Palomar students walk around campus between classes on a warm Oct. 10 day. Tracy Grassel/The Telescope
Palomar students walk around campus between classes on a warm Oct. 10 day. Tracy Grassel/The Telescope

When I was a senior in High School I always wondered where I would go to college. I wasn’t sure where I would go, I just knew that I was going somewhere. As far as schools were concerned, there were a few including, Cal State San Marcos, San Diego State, Arizona State, and the University of New Mexico. I didn’t really care which school I went to, as long as I didn’t end up at Community College.

As my senior year wore on and my acceptance letters came in, I was really excited to see that I had gotten into most of the schools I applied to. At first the idea of going away for college really appealed to me, so I leaned towards the out-of-state schools. But ultimately, I was just happy to not go to Palomar.

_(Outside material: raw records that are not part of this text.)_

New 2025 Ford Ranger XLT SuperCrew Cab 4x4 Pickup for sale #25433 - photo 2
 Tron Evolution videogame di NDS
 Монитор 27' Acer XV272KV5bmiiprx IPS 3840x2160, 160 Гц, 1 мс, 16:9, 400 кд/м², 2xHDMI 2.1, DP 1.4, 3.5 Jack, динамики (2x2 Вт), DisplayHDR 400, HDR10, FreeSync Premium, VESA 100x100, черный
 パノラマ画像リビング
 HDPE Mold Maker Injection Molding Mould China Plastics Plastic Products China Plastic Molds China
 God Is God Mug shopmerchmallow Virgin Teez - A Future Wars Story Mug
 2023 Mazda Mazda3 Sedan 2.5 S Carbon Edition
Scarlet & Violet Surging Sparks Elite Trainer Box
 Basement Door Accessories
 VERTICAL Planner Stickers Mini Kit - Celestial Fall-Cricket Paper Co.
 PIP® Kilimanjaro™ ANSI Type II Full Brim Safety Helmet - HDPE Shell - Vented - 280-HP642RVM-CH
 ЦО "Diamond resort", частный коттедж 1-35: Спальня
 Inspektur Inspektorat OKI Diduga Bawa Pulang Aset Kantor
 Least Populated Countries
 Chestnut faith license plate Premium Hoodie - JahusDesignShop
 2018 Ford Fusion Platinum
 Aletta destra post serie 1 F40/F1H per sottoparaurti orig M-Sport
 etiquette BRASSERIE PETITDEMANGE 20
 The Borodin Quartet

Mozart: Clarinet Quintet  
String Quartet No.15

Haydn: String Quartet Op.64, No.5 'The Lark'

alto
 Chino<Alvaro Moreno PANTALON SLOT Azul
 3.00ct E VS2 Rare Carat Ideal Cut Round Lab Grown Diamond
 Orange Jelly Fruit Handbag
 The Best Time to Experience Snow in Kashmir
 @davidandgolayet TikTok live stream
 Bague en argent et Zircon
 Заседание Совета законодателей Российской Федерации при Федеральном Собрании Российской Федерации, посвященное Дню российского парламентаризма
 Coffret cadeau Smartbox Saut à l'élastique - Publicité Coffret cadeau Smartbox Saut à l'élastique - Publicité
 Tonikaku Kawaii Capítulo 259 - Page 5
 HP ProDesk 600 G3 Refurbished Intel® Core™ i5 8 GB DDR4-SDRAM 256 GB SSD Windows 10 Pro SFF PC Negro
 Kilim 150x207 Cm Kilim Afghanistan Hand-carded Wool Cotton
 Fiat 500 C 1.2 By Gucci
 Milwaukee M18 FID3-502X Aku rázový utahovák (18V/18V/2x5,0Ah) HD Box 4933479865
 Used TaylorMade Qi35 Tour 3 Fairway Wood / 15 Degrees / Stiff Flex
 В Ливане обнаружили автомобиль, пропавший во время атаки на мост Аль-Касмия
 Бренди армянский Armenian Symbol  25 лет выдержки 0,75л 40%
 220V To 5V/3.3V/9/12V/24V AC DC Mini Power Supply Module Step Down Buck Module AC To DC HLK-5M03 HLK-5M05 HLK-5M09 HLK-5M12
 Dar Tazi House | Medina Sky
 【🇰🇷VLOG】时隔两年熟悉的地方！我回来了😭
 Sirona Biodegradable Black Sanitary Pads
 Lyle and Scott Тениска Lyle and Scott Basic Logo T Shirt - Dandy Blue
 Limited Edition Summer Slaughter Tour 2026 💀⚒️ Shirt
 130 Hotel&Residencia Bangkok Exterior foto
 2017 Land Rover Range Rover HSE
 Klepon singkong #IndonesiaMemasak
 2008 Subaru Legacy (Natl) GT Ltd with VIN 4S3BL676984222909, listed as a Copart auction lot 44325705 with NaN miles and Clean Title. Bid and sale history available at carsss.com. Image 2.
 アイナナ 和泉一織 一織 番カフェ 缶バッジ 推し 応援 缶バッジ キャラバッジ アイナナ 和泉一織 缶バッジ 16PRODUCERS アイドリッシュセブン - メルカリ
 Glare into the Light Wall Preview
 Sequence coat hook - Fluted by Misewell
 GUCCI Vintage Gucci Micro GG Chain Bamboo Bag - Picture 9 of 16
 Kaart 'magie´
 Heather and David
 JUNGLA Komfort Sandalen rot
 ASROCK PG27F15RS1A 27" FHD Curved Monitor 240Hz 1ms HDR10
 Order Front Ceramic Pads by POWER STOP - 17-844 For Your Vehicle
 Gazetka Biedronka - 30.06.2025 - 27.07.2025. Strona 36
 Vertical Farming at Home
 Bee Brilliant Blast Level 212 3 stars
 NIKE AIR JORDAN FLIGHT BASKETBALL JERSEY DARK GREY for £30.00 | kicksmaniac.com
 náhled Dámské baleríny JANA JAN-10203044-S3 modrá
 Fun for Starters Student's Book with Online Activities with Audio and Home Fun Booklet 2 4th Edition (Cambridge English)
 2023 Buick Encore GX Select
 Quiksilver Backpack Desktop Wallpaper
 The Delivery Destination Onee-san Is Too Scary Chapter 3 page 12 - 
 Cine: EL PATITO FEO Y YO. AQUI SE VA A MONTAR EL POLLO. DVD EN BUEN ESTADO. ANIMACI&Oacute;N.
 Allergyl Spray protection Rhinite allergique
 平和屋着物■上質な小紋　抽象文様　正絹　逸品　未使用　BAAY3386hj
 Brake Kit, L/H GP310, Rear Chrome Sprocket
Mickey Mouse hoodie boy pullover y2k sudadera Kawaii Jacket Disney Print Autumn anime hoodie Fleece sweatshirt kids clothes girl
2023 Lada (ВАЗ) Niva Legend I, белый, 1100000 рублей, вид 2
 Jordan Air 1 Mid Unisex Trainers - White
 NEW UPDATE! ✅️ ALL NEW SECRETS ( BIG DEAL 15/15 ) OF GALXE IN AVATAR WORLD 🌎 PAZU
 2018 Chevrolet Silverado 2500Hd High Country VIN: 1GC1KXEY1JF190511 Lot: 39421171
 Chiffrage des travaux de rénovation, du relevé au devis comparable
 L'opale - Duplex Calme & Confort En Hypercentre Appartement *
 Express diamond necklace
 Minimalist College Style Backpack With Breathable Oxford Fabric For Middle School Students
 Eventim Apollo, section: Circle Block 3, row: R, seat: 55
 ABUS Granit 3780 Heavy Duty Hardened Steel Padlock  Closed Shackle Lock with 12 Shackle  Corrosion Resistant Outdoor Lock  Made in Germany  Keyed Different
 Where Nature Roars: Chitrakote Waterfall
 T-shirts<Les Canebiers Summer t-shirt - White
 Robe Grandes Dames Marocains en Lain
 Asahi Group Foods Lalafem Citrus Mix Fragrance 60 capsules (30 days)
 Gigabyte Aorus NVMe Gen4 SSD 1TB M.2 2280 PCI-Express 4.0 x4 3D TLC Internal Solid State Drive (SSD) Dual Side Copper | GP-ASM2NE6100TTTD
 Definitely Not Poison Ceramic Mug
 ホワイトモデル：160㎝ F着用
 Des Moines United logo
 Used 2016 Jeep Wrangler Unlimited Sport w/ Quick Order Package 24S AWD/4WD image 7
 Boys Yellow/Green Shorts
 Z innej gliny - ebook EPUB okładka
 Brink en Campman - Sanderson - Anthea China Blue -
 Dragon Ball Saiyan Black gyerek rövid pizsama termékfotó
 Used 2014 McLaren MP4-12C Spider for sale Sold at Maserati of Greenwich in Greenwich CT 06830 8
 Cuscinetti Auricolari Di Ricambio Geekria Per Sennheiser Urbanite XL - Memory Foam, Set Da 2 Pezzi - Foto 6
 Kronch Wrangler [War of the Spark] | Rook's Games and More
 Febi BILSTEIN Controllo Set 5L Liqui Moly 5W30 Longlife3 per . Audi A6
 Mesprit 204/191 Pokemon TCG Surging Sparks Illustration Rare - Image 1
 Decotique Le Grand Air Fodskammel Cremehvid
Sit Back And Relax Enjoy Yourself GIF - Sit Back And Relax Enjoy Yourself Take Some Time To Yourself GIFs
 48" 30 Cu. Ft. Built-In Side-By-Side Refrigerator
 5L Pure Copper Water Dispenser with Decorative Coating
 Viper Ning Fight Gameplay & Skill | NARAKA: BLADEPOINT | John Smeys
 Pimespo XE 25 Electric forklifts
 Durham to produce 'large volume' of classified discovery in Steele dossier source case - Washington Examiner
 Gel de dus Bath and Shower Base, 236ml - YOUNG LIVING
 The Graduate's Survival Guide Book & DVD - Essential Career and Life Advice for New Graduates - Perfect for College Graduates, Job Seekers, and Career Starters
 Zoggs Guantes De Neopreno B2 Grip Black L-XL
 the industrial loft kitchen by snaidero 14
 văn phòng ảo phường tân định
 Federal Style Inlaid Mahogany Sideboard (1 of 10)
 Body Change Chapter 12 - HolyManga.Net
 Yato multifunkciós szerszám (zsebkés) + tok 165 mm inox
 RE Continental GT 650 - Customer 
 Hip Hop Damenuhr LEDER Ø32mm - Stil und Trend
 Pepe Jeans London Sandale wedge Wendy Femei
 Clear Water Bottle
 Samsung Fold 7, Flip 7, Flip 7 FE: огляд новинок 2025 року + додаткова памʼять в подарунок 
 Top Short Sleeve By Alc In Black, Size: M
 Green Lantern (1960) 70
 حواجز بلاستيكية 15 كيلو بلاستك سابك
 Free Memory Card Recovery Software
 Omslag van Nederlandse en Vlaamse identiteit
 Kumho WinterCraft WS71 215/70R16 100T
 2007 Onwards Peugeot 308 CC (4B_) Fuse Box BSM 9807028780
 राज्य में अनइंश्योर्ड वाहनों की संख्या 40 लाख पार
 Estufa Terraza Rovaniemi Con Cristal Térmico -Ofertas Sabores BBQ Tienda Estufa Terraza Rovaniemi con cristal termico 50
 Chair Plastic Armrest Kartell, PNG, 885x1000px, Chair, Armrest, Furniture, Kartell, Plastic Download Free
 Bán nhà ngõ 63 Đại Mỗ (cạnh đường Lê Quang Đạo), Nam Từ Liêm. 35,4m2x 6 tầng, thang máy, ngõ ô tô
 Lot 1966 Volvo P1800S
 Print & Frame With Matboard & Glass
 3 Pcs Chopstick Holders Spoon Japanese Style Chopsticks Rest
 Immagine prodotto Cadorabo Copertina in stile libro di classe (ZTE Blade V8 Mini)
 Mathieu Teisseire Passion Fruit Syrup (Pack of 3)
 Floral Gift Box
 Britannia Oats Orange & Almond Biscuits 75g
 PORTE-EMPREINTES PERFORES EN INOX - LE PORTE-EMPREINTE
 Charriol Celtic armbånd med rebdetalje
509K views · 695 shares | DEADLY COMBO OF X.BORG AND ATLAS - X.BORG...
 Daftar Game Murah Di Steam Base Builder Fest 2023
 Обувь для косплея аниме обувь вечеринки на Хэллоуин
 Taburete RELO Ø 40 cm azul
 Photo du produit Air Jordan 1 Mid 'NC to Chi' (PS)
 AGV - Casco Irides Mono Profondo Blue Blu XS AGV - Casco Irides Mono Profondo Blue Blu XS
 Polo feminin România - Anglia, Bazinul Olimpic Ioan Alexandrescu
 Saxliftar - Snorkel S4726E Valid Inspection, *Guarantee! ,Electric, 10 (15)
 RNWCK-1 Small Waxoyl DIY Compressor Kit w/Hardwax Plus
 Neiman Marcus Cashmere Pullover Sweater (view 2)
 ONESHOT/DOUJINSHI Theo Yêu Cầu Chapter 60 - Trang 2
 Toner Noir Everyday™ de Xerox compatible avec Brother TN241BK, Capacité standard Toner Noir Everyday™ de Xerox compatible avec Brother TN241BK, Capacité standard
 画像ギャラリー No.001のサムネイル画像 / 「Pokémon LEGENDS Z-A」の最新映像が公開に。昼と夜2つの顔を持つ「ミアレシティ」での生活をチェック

I wasn’t quite sure exactly what I wanted to study or even how college really worked. In all honesty I was just excited to be done with High School. My parents at the time were struggling to help my sister pay for her school and I often overheard my parents talking. I remember thinking to myself and asking, “Do I want to go to a four year when I don’t even know what I want to do yet?” As my senior year wore on it became more and more clear that community college was where I had to go.

So at the end of High School, I resentfully attended Palomar College. My first year I was really envious of all my High School friends who were away at four years while I stayed home at community college. But by my second year I began to notice that a few of my old friends had since moved back. When I asked them why, they all responded “money”.

It all makes sense. Four year universities are the sexy pick, and why wouldn’t they be? They’re big, they’re fancy, and they’re fun. Community colleges are well, not. But there’s this old saying, substance not glamour. I think there’s a lot of truth to that when it comes to Community College. Not  to say that four year colleges are all glitz and glamour, but there is certainly more glitz and glamour at a four year than a community college.

Community College, while admittedly depressing at times, provides a chance. You can mess up, you can be unsure, you can go back for a second chance, or you can go for a fresh start. It will never be the popular choice, but for some, it may be the right choice.